- Work order -
Please reproduce all the data exactly as written and omit the pictures.

- Data below -
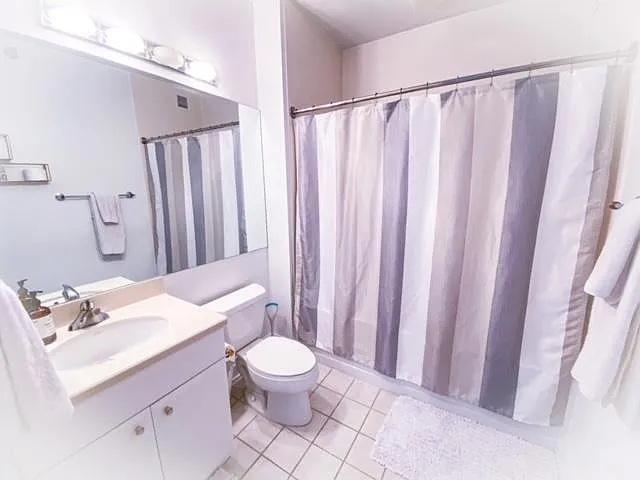 Bathroom with tub and shower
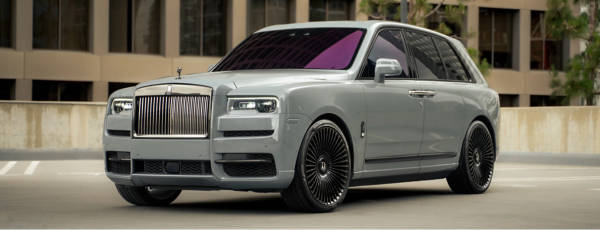 Luxury SUV parked on the curb with a set of Dolce Luxury wheels.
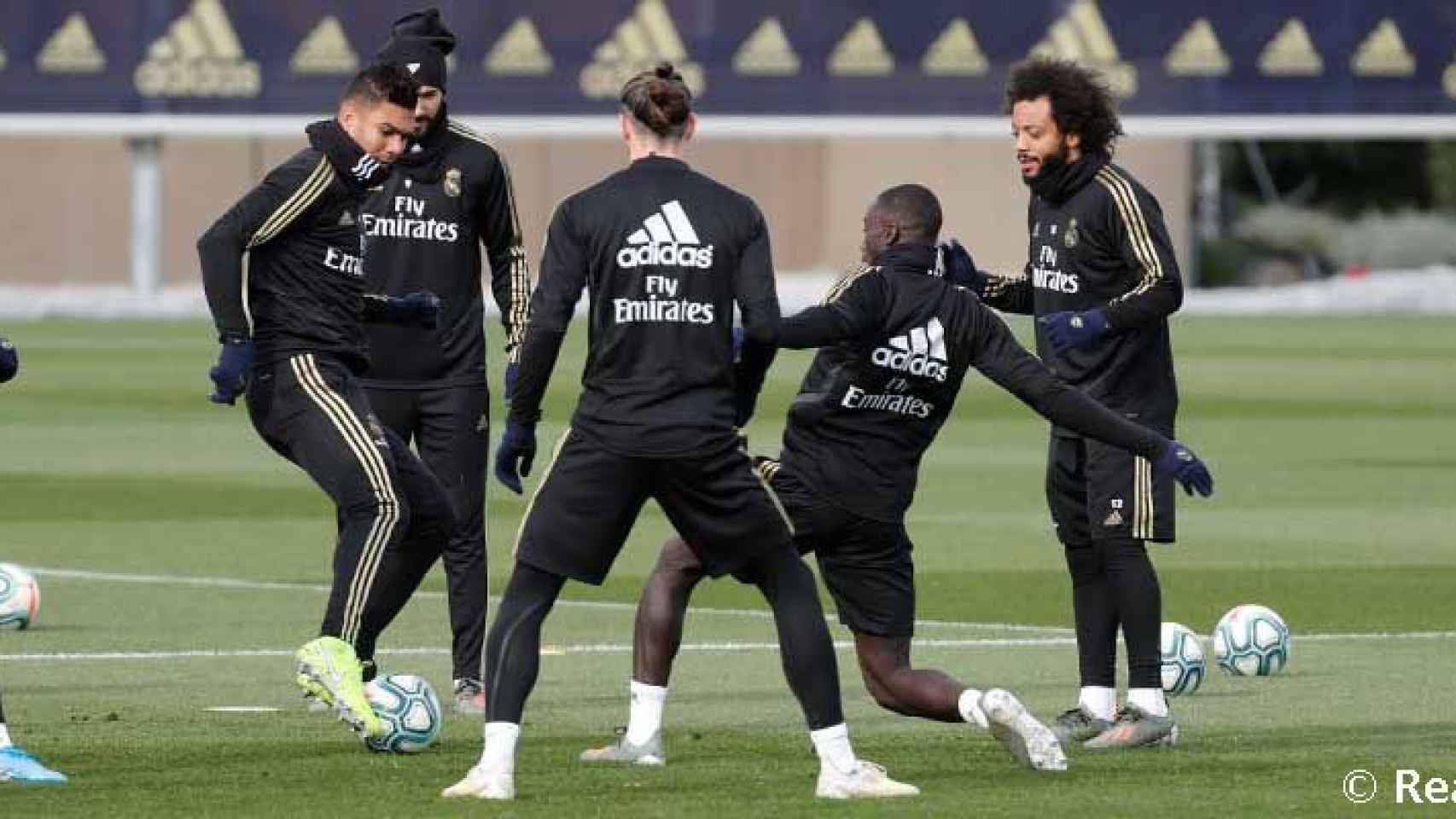 Los jugadores del Real Madrid, durante el entrenamiento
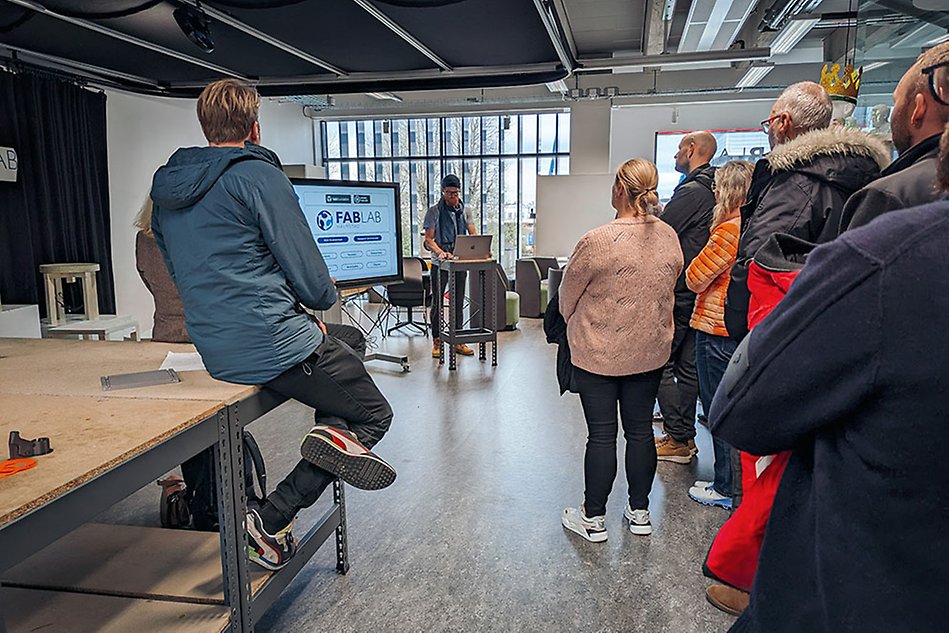 A group of people watch as a person presents at a computer.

- Output below -
 Bathroom with tub and shower
 Luxury SUV parked on the curb with a set of Dolce Luxury wheels.
 Los jugadores del Real Madrid, durante el entrenamiento
 A group of people watch as a person presents at a computer.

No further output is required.